Maxwell's equations 
James Clerk Maxwell derived a wave form of the electric and magnetic equations, thus uncovering the wave-like nature of electric and magnetic fields and their symmetry. Because the speed of EM waves predicted by the wave equation coincided with the measured speed of light, Maxwell concluded that light itself is an EM wave. Maxwell's equations were confirmed by Heinrich Hertz through experiments with radio waves.

 Maxwell realized that since a lot of physics is symmetrical and mathematically artistic in a way, that there must also be a symmetry between electricity and magnetism. He realized that light is a combination of electricity and magnetism and thus that the two must be tied together. According to Maxwell's equations, a spatially varying electric field is always associated with a magnetic field that changes over time. Likewise, a spatially varying magnetic field is associated with specific changes over time in the electric field. In an electromagnetic wave, the changes in the electric field are always accompanied by a wave in the magnetic field in one direction, and vice versa. This relationship between the two occurs without either type of field causing the other; rather, they occur together in the same way that time and space changes occur together and are interlinked in special relativity. In fact, magnetic fields can be viewed as electric fields in another frame of reference, and electric fields can be viewed as magnetic fields in another frame of reference, but they have equal significance as physics is the same in all frames of reference, so the close relationship between space and time changes here is more than an analogy. Together, these fields form a propagating electromagnetic wave, which moves out into space and need never again interact with the source. The distant EM field formed in this way by the acceleration of a charge carries energy with it that "radiates" away through space, hence the term.

Near and far fields 

Maxwell's equations established that some charges and currents ("sources") produce a local type of electromagnetic field near them that does not have the behaviour of EMR. Currents directly produce a magnetic field, but it is of a magnetic dipole type that dies out with distance from the current. In a similar manner, moving charges pushed apart in a conductor by a changing electrical potential (such as in an antenna) produce an electric dipole type electrical field, but this also declines with distance. These fields make up the near-field near the EMR source. Neither of these behaviours are responsible for EM radiation. Instead, they cause electromagnetic field behaviour that only efficiently transfers power to a receiver very close to the source, such as the magnetic induction inside a transformer, or the feedback behaviour that happens close to the coil of a metal detector. Typically, near-fields have a powerful effect on their own sources, causing an increased "load" (decreased electrical reactance) in the source or transmitter, whenever energy is withdrawn from the EM field by a receiver. Otherwise, these fields do not "propagate" freely out into space, carrying their energy away without distance-limit, but rather oscillate, returning their energy to the transmitter if it is not received by a receiver.

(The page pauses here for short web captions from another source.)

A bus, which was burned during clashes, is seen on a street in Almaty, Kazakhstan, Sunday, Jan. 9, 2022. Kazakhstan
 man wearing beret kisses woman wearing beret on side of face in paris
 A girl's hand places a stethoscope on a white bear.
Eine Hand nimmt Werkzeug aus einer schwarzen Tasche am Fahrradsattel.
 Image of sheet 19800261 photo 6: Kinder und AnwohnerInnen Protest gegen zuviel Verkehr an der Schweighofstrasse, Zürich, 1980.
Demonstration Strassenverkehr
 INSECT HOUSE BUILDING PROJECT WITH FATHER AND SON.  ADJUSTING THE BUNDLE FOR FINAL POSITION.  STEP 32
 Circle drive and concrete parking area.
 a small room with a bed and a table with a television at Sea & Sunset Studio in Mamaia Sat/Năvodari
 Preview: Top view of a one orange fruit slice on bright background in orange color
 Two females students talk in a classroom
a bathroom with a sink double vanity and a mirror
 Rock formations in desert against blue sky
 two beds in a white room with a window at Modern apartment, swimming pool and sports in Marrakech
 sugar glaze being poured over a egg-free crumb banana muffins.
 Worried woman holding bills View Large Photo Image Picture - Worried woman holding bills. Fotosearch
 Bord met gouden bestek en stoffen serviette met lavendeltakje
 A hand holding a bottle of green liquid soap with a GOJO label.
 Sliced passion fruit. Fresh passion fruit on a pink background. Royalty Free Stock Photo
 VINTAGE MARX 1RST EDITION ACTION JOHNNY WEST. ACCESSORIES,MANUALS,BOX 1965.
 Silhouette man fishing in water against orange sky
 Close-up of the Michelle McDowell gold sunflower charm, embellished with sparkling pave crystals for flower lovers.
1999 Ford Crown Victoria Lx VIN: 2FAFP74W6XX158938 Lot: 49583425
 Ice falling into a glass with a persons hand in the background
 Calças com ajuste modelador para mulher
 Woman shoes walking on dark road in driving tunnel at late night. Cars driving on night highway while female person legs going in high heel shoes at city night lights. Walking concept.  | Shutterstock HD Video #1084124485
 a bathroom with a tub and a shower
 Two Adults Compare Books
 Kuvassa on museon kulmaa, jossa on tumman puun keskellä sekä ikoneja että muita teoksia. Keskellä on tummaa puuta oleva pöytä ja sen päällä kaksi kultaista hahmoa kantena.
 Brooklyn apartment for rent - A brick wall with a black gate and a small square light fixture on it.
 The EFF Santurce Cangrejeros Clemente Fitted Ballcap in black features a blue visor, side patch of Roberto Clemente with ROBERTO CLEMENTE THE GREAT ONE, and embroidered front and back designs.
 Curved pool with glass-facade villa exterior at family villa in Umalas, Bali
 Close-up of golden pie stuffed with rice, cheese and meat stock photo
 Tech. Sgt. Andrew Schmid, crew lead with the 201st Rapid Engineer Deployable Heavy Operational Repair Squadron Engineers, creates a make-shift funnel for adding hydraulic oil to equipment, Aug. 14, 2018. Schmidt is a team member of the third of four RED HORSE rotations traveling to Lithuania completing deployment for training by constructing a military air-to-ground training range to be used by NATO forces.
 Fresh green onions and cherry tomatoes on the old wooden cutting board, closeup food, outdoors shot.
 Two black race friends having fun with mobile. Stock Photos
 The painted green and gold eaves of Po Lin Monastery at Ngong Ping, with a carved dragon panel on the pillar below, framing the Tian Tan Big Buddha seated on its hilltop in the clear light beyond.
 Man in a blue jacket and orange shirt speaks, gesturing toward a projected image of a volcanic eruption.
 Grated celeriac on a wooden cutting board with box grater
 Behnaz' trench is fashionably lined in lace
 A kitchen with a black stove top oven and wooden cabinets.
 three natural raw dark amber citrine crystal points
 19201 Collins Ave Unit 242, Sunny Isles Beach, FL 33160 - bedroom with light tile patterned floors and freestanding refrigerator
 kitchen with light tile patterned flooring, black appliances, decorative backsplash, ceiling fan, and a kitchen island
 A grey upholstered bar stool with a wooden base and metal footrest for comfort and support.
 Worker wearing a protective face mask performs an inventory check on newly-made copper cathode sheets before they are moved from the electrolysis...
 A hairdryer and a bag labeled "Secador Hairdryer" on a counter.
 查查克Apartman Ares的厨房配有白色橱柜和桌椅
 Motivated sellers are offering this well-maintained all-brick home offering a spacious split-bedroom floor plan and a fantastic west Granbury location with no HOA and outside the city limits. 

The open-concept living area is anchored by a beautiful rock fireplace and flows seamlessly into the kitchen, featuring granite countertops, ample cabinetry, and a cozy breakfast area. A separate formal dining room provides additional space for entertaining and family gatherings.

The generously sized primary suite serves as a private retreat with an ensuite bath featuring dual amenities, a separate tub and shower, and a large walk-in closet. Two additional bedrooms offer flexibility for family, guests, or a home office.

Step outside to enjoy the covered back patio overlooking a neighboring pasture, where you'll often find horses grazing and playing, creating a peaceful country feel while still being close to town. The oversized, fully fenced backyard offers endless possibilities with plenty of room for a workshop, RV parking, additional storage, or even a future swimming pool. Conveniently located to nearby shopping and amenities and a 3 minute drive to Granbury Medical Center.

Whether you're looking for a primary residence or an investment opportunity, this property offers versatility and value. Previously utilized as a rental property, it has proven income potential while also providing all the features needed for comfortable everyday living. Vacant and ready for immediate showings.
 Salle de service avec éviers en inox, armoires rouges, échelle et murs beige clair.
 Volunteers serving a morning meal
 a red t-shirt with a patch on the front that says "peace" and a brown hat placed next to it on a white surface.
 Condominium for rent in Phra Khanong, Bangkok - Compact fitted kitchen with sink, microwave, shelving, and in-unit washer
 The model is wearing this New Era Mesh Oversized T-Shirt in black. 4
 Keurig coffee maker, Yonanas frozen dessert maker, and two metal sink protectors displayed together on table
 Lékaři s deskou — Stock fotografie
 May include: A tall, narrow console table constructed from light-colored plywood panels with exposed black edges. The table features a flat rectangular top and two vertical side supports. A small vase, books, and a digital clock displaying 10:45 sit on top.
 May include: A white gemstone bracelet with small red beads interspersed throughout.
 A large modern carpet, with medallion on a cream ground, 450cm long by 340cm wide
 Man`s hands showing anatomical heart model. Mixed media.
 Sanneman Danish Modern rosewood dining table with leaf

By contrast, the EM far-field is composed of radiation that is free of the transmitter in the sense that (unlike the case in an electrical transformer) the transmitter requires the same power to send these changes in the fields out, whether the signal is immediately picked up or not. This distant part of the electromagnetic field is "electromagnetic radiation" (also called the far-field). The far-fields propagate (radiate) without allowing the transmitter to affect them. This causes them to be independent in the sense that their existence and their energy, after they have left the transmitter, is completely independent of both transmitter and receiver. Due to conservation of energy, the amount of power passing through any spherical surface drawn around the source is the same. Because such a surface has an area proportional to the square of its distance from the source, the power density of EM radiation always decreases with the inverse square of the distance from the source; this is called the inverse-square law. This is in contrast to dipole parts of the EM field close to the source (the near-field), which vary in power according to an inverse cube power law, and thus do not transport a conserved amount of energy over distances, but instead fade with distance, with its energy (as noted) rapidly returning to the transmitter or absorbed by a nearby receiver (such as a transformer secondary coil).

The far-field (EMR) depends on a different mechanism for its production than the near-field, and upon different terms in Maxwell's equations. Whereas the magnetic part of the near-field is due to currents in the source, the magnetic field in EMR is due only to the local change in the electric field. In a similar way, while the electric field in the near-field is due directly to the charges and charge-separation in the source, the electric field in EMR is due to a change in the local magnetic field. Both processes for producing electric and magnetic EMR fields have a different dependence on distance than do near-field dipole electric and magnetic fields. That is why the EMR type of EM field becomes dominant in power "far" from sources. The term "far from sources" refers to how far from the source (moving at the speed of light) any portion of the outward-moving EM field is located, by the time that source currents are changed by the varying source potential, and the source has therefore begun to generate an outwardly moving EM field of a different phase.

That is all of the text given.